Yeah, laptops are a case where perhaps you want to force fsync() to do nothing at all, as your largest failure case normally is power failures (not much of an issue with a laptop battery 'UPS'). You do still have the oops-OS-crashes problem, but hopefully Linux doesn't crash too much :/ if you have a crashy OS *and* a hard disk that has to spin up from a dead stop I don't think you have any good answers.

(Did the force-fsync()-to-do-nothing patch ever get lumped into laptop_mode as people were suggesting? I don't have a laptop so I don't follow this sort of thing closely...)

JLS2009: A Btrfs update

Posted Nov 2, 2009 17:39 UTC (Mon) by mjg59 (subscriber, #23239) [Link]

fsync() is expected to provide certain guarantees. The kernel shouldn't preempt that just because
it assumes it knows better than applications - the applications should either change behaviour
themselves, or have an LD_PRELOADed library that makes fsync() behaviour conditional on battery
state.

JLS2009: A Btrfs update

Posted Nov 2, 2009 19:11 UTC (Mon) by foom (subscriber, #14868) [Link]

Of course the kernel shouldn't make such assumptions by itself, but if the user configures it
intentionally to break fsync...

What difference does it make if it's implemented in the kernel or in an LD_PRELOAD library?

JLS2009: A Btrfs update

Posted Nov 2, 2009 19:17 UTC (Mon) by mjg59 (subscriber, #23239) [Link]

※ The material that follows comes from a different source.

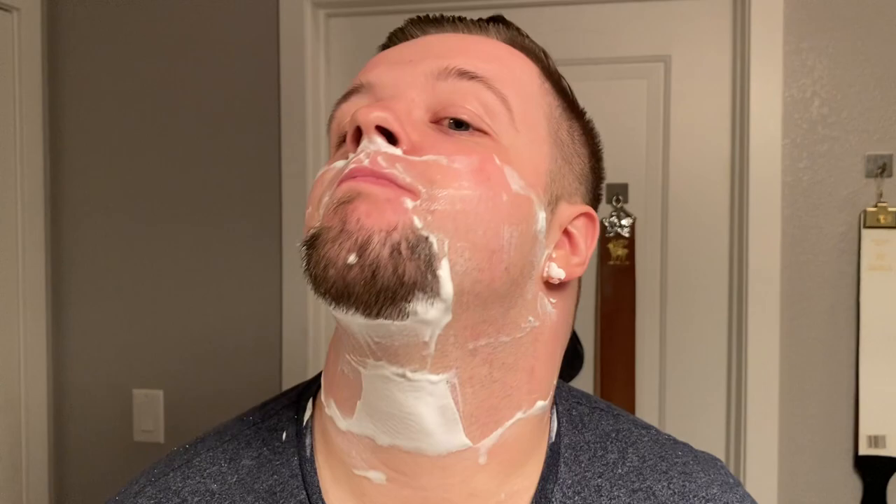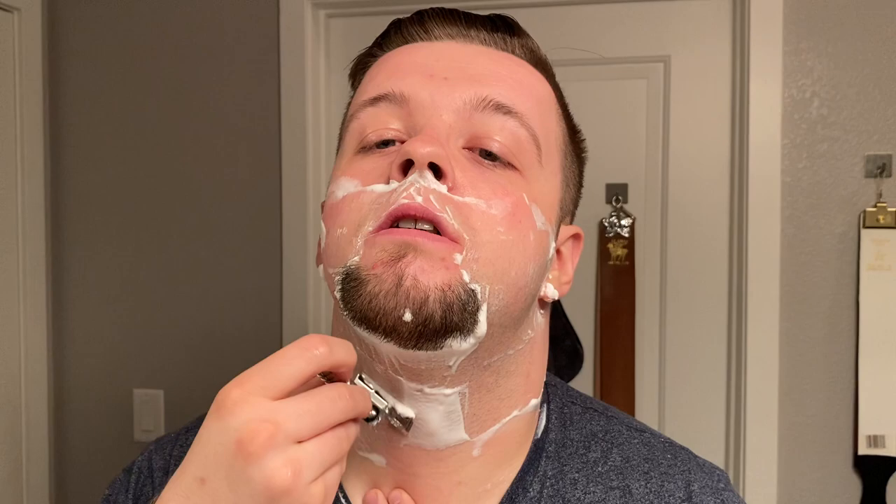I believe easy use is RazoRock's general approach to head geometry anyway — I don't think they look to make really aggressive razors, that's not really who their target market are. Just breezing through that first pass — as you can see, it does a good job. It's a very comfortable razor. Just rinsing here between passes.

It lets you control it per-application.

JLS2009: A Btrfs update

Posted Nov 2, 2009 20:39 UTC (Mon) by njs (guest, #40338) [Link]

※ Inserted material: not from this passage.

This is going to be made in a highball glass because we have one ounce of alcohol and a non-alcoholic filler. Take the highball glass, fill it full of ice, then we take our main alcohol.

But I don't want fsync() to do nothing at all, because there are lots of cases where a poorly-timed crash can cause you to lose not 10 minutes of work, but your entire data store. This applies to basically anything using a more complex data storage strategy than "rewrite the entire data store every time", e.g. dbm, sqlite, databases generally. They all have to transition through a state where their data structures are inconsistent, and if your rollback log hasn't hit disk yet, well...

It's really *annoying* that firefox/sqlite issue fsync's when storing history information, but I actually find that history information valuable enough that I don't want it all blown away on every crash, and there's really no way to avoid that without fsync.

I would love to see an API that allowed sqlite to express its data integrity requirements without forcing the disk to spin up, but this is not simple: http://www.sqlite.org/atomiccommit.html

JLS2009: A Btrfs update

Posted Nov 2, 2009 21:58 UTC (Mon) by anton (subscriber, #25547) [Link]

But I don't want fsync() to do nothing at all, because there are lots of cases where a poorly-timed crash can cause you to lose not 10 minutes of work, but your entire data store. This applies to basically anything using a more complex data storage strategy than "rewrite the entire data store every time", e.g. dbm, sqlite, databases generally.
If these applications don't corrupt their storage when they crash on their own or are killed, they won't corrupt it on a good file system even on a system crash. So it's only on bad file systems where the absence of fsync() would cause consistency problems. And how can you be sure that the fsync()s called from these applications are sufficient? Testing this stuff is pretty hard.

There is a different reason for syncing in such applications: A remote user won't notice that the database server lost power or crashed right after his transaction went through, so the database should better ensure that the data is in permanent storage before reporting completion to remote users.

As for the firefox history, a good file system would be a way to avoid losing it completely, without requiring fsync().

JLS2009: A Btrfs update

Posted Nov 2, 2009 23:14 UTC (Mon) by njs (guest, #40338) [Link]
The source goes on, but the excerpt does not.